___ RECORDS PROVIDED

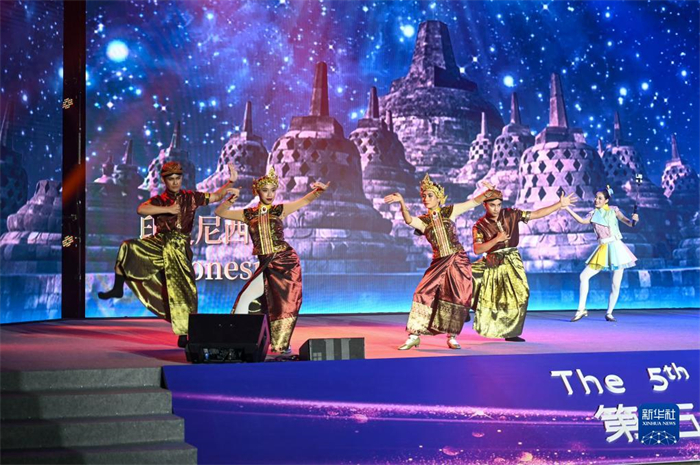 10月21日,在馬來西亞行政首都普特拉賈亞,演員在第五屆中國—東盟視聽周開幕活動上表演。新華社記者 程一恒 攝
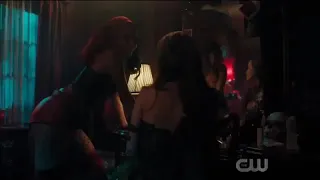 Riverdale 4x04 Cheryl and Toni kiss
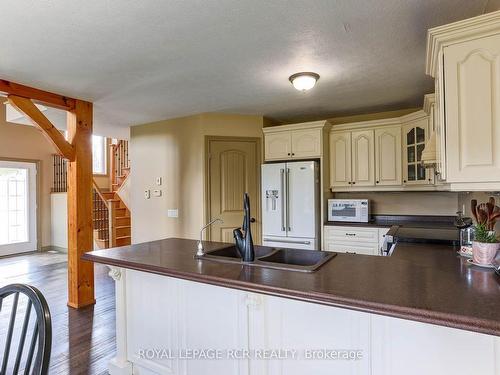 563151 Glenelg-Holland Tl  W, Chatsworth, ON - Indoor Photo Showing Kitchen With Double Sink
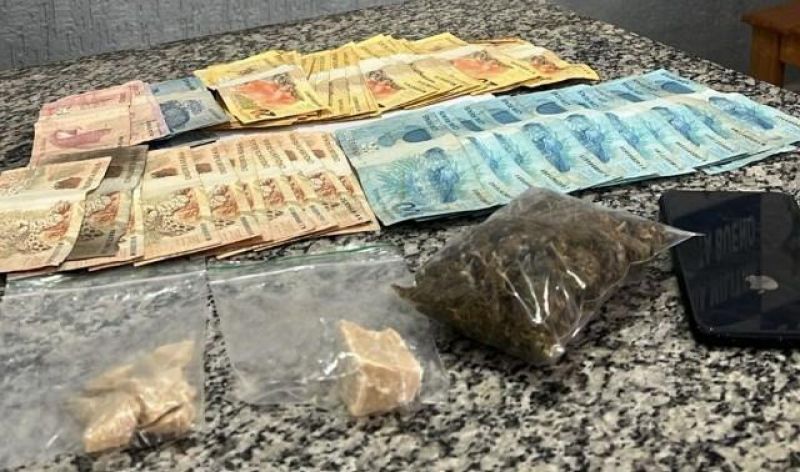 PM apreende crack, maconha e mais de R$ 2 mil em operação contra o tráfico em Pimenta Bueno PM apreende crack, maconha e mais de R$ 2 mil em operação contra o tráfico em Pimenta Bueno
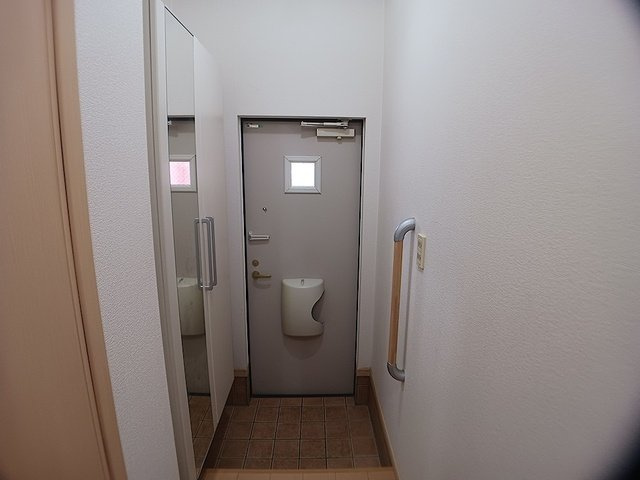 プリムローズＮの玄関|明るい玄関です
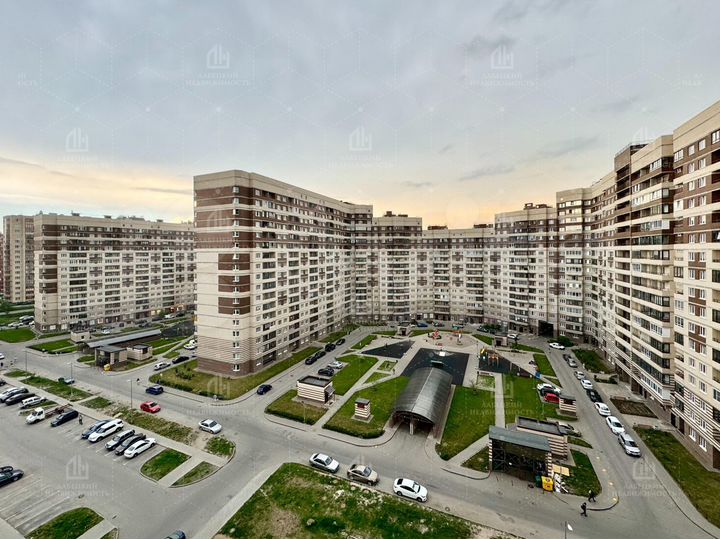 2-к. квартира, 58,1 м², 12/17 эт.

______

» TASK ITEM:
Could the entries be output exactly as written, but without their images?

» ANSWER SPACE:
 10月21日,在馬來西亞行政首都普特拉賈亞,演員在第五屆中國—東盟視聽周開幕活動上表演。新華社記者 程一恒 攝
 Riverdale 4x04 Cheryl and Toni kiss
 563151 Glenelg-Holland Tl  W, Chatsworth, ON - Indoor Photo Showing Kitchen With Double Sink
 PM apreende crack, maconha e mais de R$ 2 mil em operação contra o tráfico em Pimenta Bueno PM apreende crack, maconha e mais de R$ 2 mil em operação contra o tráfico em Pimenta Bueno
 プリムローズＮの玄関|明るい玄関です
 2-к. квартира, 58,1 м², 12/17 эт.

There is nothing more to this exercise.